Kur'ân'a iman eden ve Kur'ân doğrultusunda hareket eden insan da Cennete gidecektir, ama bu üç kitabı sapıtan, tahrif etmeye çalışan ve onun emrini çiğneyip yasaklarına riayet etmeyen kişiler Cennete gitme­yeceklerdir. Yani Allah'ın emirlerine bağlanan, özünü ona teslim eden, sözü güzel, özü güzel, yaptığı güzel, işlediği güzel yani yaptıkları Al­lah'ın emrine uygun olan kişi Cennete gidecektir.

Peygamber Efendimiz (a.s.v.)'a Cebrail (a.s.) gelerek İhsan nedir? diyor. İhsan:

"Allah'ı görür gibi ona ibadet etmendir.
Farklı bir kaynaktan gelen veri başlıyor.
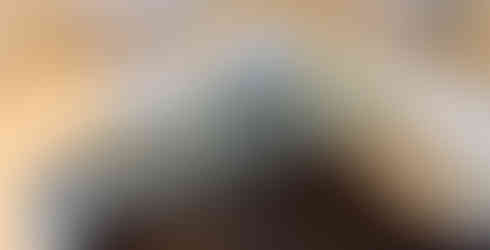 PPF Interior wrap on motor yacht in sydney.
Her ne kadar sen Allah'ı görmüyor isen de, Allah seni görmektedir" buyuruyor Allah Rasûlü(s.a.v.). yani caddede gidiyorsunuz. Allah (c.c.) beni görüyor diye gözüne sahip olacaksın. Konuşurken Allah (c.c.) benim konuştuklarımı duyuyor ve işitiyor diyecek ve diline sahip olacaksın. Mesela uzun yolda giderken radara yakalanmamak için radarın olduğu yerlerde arabanın hızını 90km. hz. nın üzerine çıkartmıyorsunuz; radar burada tesbit eder ilerde po­lis ceza keser diye.

Bu dünyada da bizim radarlarımız meleklerdir. Allah (c.c.) kendisi görüyor. Melekler de her yaptığımızı kaydediyor, radar gibi ilerde mah­şer günündeki meleğe teslim ediyor. Orada cezalar biçilecektir. Öyle ise Allah (c.c.)'nün sınırını yaşantımızda aşmamaya dikkat etmemiz gereki­yor.


(113) Yahudiler, “Hıristiyanlar bir temel üzerinde değiller” dediler. Hıristiyanlar da, “Yahudiler bir temel üzerinde değiller” dediler. Oysa hepsi Kitab’ı okuyorlar. (Kitab'ı) bilmeyenler de tıpkı bunların söyledikleri gibi demişti. Artık onların aralarında uyuşamadıkları davada, kıyamet gününde hükmü Allah verecektir.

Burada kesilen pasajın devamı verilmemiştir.